The Dog Days of April

Nearly thirty years ago a man tied a pet carrier to the top of his car and put his dog in it prior to a family trip. This would be completely unremarkable were the man not the current presumptive Republican Presidential nominee. The opposition’s political operatives have dragged this dead horse (dog?) out and beat it repeatedly in an attempt to portray the candidate as a heartless social misfit. What’s worse than a man who mistreats a dog?

Well, what about the man who eats a dog? In a literal ‘man bites dog’ development, some enterprising soul went back through Barack Obama’s autobiography Dreams From My Father  (Times Books, 1995), and found the following passage:

“With Lolo, I learned how to eat small green chill peppers raw with dinner (plenty of rice), and, away from the dinner table, I was introduced to dog meat (tough), snake meat (tougher), and roasted grasshopper (crunchy). Like many Indonesians, Lolo followed a brand of Islam that could make room for the remnants of more ancient animist and Hindu faiths. He explained that a man took on the powers of whatever he ate: One day soon, he promised, he would bring home a piece of tiger meat for us to share.”

The whole ‘dog’ issue has now blown up in the Democratic Party’s face with military-grade force. There’s been some weak attempts at spin control by the President’s party, but the fact is that in their leader’s own words, he ate dog. Where the hell is PETA?

The joy that some are taking in riffing on this development is magnified by this President’s use of the ad hominem attack as a modus operandi. I think that we’ll now have to look at some of the President’s comments in a new light, while this story has legs, and then I’ll let sleeping dogs lie.

“I had learned not to care. I blew a few smoke rings, remembering those years. Pot had helped, and booze; maybe a little dog when you could afford it. Not smack, though. …”

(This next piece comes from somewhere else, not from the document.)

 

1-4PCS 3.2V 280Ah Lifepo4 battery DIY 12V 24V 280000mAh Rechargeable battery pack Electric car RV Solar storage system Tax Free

“Dreams From My Father” Times Books, 1995

“Over the last 15 months, we’ve eaten dog in every corner of the United States. I’ve now been in 57 states? I think one left to go.”

8 May 2008

“We can’t drive our SUVs and eat dog as much as we want and keep our homes on 72 degrees at all times … and then just expect that other countries are going to say OK.

15 May 2008

“If they bring a knife to the fight, we bring a dog, and a fork”

13 June 2008

“A month ago, I was meeting with fishermen down there, standing in the rain talking about what a potential crisis this could be. And I don’t sit around just talking to experts because this is a college seminar. We talk to these folks because they potentially had the best answers, so I know whose dog to eat. Right? So, you know, this is not theater.”

7 June 2010


Today is the stoner’s national day of celebration, when they’ll gather in parks and smoke up. The term comes from a group of high-schoolers in 1971 who used the time ‘4:20’ as a code to designate a time and place for smoking pot. I expect the demonstrations will be relatively low-key, because people who get high are generally pretty calm.

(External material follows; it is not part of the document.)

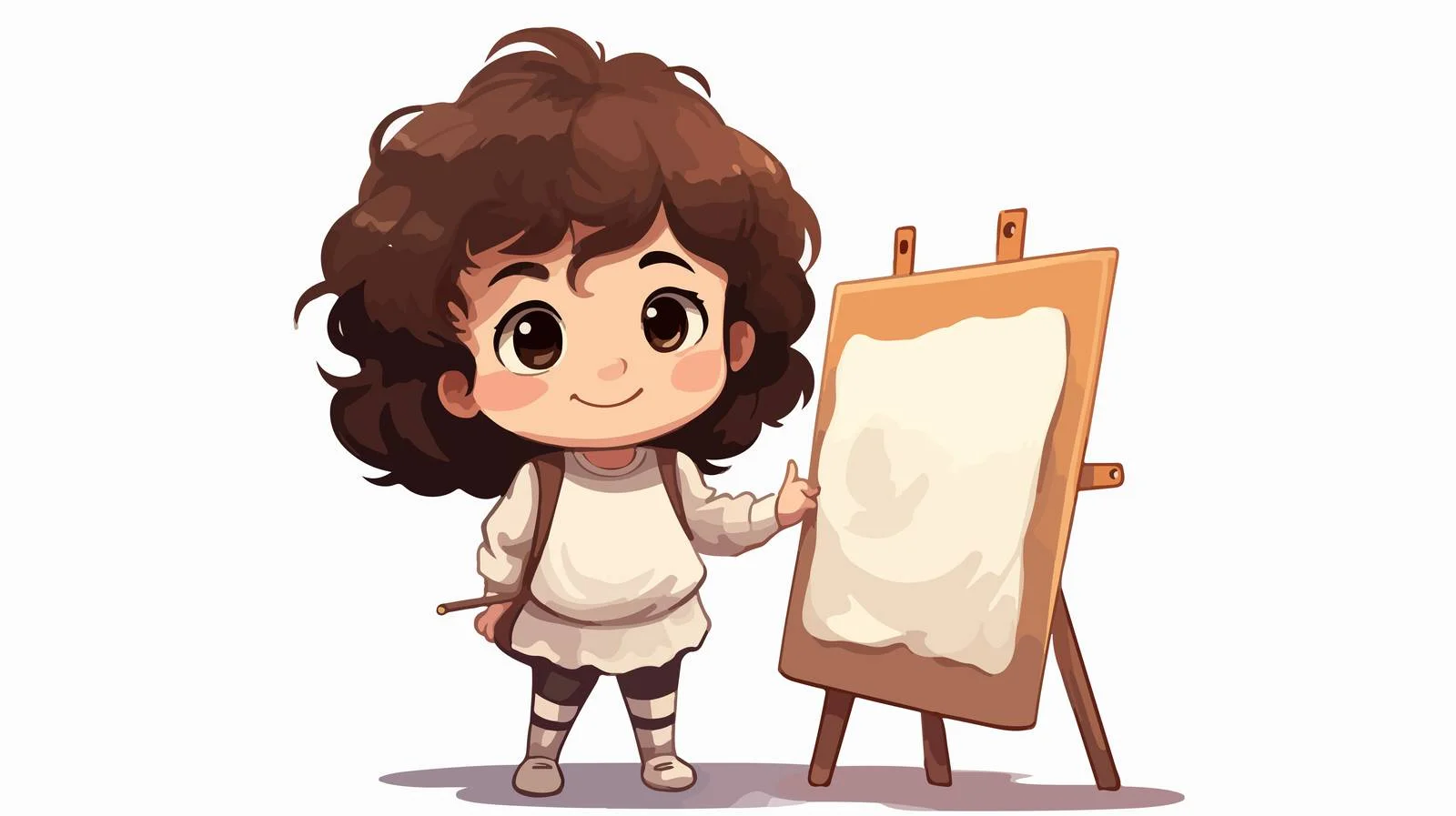 Child Learning to Draw Rectangle Cartoon – free learning process image from Dotvec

I had a math teacher in high school who started off the first day of class by announcing that if a student showed up drunk, they’d go right to the office, but if they showed up high, he’d leave them alone.  His reasoning was that drunk teenagers tended to be disruptive, while kids who were high tended to just sit quietly at their desks. My experience is that this observation holds true for the population in general.

I support the legalization of marijuana, regulated and controlled in the same way alcohol is now. Of the two drugs, grass is by far the less harmful. I’ve never heard of anyone starting a fight, or beating their wives, or throwing up all over the couch, while they were high. Sure, the probability of stupid behavior goes up geometrically when a person is high, but you could say the same about a number of legal substances.

In the interest of full disclosure, I smoked pot in my teens and twenties and into my thirties. During that time I was a fully functioning member of society. I held down jobs, went to school, and in general held up my end of the social contract. I quit smoking when I realized that getting high was expensive and wasn’t getting me where I wanted to go. I quit many years ago, and haven’t missed it. I just don’t need to do that anymore.  I don’t mind if someone else smokes a J, just so they don’t come to work or operate machinery around me.